GOAL OF THE EXERCISE » Reproduce exactly the lines below from the one containing "A professional young" through the one containing "LEVIS boyfriend denim", including both, and nothing else.

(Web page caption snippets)

== Segment start ==

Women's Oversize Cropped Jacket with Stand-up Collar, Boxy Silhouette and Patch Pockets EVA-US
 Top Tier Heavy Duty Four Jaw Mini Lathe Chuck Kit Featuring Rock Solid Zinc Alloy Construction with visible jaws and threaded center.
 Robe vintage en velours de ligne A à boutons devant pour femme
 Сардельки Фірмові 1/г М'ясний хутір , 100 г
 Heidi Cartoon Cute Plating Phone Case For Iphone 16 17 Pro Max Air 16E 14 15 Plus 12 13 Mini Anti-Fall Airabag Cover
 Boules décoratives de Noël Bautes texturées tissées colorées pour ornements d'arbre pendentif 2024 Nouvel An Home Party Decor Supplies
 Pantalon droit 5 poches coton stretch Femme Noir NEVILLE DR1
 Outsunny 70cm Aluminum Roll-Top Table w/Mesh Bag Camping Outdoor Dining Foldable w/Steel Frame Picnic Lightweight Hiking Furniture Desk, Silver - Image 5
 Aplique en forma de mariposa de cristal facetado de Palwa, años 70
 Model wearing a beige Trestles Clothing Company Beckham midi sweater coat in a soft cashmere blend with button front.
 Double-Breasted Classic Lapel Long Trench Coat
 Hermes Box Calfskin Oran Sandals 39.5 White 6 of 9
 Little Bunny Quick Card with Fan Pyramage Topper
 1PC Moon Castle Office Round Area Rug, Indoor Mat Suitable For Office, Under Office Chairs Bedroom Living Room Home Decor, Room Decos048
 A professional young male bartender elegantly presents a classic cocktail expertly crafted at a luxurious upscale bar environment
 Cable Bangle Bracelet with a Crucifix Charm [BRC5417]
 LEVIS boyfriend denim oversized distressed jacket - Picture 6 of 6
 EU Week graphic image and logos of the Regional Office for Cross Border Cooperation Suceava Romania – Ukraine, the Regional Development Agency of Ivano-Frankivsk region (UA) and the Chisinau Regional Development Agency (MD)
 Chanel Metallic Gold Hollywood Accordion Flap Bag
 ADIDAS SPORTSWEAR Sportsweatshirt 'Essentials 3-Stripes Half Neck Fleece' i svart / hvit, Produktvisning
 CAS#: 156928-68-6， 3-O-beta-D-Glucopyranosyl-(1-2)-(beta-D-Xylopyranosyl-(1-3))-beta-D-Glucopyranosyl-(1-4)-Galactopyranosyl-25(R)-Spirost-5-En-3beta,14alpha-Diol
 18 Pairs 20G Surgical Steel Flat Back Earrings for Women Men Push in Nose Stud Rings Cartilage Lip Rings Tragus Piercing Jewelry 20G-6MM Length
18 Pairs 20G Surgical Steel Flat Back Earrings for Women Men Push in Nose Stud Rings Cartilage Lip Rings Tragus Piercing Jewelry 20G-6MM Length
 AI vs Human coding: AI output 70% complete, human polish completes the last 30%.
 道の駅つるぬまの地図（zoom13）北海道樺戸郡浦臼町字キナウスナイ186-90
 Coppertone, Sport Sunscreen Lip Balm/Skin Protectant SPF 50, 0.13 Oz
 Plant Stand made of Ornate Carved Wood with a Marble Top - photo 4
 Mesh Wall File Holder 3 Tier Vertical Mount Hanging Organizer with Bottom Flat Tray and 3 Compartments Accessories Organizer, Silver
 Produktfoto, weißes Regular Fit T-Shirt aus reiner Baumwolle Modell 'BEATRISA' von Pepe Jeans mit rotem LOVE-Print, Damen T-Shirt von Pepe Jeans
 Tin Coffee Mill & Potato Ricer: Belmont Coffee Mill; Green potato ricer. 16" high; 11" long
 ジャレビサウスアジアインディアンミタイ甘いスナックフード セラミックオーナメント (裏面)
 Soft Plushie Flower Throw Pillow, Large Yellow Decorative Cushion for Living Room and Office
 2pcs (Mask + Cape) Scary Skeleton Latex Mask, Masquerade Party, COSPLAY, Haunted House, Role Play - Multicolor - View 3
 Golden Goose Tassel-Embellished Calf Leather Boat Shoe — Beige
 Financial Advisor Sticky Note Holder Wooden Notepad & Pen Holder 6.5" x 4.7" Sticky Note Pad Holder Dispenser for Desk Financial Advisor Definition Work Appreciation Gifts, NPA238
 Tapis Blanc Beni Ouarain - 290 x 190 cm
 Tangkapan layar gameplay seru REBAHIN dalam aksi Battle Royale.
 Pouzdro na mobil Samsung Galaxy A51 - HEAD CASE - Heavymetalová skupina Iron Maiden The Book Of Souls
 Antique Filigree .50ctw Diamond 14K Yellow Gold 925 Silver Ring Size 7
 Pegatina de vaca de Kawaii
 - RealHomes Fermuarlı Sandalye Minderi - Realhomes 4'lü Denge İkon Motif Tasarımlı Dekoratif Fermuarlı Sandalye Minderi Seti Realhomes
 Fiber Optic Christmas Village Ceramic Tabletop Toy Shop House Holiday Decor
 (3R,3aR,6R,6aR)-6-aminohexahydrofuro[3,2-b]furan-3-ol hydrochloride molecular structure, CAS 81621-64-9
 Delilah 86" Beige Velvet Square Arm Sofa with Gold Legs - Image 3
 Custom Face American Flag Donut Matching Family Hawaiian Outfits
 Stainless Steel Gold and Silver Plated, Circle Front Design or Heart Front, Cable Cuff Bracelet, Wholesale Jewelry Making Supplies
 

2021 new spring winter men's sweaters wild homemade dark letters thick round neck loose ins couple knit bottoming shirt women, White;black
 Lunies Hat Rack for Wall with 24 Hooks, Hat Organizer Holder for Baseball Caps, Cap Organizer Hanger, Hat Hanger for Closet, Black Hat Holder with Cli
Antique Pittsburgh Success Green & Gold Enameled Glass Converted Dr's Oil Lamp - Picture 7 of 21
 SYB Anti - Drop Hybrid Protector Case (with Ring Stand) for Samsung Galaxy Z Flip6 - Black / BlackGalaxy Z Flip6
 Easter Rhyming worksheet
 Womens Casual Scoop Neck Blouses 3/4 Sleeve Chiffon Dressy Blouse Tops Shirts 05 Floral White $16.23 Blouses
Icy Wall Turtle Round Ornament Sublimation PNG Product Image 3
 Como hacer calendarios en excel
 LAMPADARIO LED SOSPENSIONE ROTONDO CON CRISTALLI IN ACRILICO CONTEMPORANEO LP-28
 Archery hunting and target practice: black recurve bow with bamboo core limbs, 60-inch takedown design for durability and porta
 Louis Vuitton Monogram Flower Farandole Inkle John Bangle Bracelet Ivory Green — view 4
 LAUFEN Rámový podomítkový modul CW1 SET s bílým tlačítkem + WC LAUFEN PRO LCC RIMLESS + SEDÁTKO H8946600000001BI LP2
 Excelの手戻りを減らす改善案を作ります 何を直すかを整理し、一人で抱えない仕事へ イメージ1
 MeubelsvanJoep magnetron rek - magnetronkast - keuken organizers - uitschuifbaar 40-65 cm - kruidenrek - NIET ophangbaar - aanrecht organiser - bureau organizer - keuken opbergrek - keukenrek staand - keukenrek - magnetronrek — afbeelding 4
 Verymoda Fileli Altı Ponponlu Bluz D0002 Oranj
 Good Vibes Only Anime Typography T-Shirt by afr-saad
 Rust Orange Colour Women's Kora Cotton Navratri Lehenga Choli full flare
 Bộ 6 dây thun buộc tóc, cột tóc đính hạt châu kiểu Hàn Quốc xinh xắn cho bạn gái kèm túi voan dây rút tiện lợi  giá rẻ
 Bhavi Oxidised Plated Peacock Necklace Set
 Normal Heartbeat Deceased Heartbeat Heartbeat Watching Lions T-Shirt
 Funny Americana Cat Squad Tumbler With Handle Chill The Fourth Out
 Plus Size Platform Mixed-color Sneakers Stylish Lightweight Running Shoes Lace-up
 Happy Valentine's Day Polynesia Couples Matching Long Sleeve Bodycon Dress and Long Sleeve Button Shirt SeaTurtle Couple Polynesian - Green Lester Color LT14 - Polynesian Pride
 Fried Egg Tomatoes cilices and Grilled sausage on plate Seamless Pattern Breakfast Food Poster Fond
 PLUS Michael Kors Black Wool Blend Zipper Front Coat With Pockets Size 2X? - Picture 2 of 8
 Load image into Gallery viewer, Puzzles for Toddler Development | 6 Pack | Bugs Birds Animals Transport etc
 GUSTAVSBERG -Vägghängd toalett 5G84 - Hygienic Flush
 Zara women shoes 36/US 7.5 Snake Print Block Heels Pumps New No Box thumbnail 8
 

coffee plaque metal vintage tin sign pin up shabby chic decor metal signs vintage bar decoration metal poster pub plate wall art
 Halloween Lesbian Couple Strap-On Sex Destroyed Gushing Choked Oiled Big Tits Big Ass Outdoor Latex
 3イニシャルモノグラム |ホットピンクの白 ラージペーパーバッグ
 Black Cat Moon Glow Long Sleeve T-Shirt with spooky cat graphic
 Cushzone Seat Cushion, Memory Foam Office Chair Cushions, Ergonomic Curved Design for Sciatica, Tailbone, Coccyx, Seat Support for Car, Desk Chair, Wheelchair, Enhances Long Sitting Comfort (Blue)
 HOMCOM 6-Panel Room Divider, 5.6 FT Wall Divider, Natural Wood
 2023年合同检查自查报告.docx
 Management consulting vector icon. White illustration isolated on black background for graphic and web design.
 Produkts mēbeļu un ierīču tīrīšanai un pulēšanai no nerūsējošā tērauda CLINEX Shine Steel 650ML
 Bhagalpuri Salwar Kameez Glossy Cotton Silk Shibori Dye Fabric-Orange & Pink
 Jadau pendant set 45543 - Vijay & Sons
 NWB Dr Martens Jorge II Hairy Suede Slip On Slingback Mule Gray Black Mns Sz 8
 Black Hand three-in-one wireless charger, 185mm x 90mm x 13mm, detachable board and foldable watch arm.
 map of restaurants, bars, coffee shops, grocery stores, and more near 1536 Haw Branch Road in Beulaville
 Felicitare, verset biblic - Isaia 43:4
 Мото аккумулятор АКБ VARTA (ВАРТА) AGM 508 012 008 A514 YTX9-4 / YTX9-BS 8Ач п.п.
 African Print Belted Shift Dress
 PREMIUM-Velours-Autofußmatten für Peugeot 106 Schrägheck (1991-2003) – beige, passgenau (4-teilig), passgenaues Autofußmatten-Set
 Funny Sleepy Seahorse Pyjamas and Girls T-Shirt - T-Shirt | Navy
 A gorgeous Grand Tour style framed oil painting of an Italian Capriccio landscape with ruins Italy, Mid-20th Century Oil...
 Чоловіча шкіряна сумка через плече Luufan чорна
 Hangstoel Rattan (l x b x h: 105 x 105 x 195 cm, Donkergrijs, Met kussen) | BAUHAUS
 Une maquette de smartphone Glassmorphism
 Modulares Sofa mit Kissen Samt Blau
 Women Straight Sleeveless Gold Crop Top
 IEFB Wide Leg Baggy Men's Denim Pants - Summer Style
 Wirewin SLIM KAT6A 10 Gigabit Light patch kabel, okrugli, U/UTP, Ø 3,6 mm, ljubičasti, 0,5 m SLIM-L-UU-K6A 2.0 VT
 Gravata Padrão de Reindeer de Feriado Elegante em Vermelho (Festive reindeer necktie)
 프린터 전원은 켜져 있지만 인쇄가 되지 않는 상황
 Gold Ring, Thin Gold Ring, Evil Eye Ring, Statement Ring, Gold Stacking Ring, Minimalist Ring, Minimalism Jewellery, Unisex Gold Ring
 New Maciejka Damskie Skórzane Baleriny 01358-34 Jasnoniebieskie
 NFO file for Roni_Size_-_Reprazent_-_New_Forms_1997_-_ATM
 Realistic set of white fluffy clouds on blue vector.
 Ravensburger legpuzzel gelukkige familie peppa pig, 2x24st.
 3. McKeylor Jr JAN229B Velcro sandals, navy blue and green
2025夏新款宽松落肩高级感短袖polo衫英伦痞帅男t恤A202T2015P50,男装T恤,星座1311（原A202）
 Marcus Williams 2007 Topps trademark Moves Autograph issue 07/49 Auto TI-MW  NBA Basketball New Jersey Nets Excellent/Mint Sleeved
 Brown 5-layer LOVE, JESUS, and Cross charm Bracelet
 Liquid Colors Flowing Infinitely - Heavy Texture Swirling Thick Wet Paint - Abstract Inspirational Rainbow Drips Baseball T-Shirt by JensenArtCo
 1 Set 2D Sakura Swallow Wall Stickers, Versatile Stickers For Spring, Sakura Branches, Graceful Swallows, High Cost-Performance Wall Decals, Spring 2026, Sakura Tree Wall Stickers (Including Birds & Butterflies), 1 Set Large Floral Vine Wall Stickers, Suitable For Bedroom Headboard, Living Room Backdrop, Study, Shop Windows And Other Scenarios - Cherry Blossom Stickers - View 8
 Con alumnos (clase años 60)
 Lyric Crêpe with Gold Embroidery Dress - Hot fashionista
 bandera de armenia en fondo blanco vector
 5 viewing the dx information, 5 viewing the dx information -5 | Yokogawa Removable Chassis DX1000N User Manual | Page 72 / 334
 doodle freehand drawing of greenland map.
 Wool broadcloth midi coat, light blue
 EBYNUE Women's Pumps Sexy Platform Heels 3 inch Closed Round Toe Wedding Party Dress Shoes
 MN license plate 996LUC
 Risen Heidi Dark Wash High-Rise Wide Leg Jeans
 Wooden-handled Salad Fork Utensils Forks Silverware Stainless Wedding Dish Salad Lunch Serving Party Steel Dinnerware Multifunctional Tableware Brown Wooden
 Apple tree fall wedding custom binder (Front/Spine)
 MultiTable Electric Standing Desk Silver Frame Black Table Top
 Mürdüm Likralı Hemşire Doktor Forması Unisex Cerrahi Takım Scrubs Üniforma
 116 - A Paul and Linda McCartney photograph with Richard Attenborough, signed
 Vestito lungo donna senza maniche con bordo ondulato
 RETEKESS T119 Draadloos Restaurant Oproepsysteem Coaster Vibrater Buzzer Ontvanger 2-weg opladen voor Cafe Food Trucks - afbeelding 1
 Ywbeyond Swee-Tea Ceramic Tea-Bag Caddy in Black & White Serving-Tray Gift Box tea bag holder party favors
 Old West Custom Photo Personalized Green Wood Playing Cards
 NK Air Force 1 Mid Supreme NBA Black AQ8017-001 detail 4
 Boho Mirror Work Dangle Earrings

== Segment end ==

RESULT FOR THIS TASK »
 A professional young male bartender elegantly presents a classic cocktail expertly crafted at a luxurious upscale bar environment
 Cable Bangle Bracelet with a Crucifix Charm [BRC5417]
 LEVIS boyfriend denim oversized distressed jacket - Picture 6 of 6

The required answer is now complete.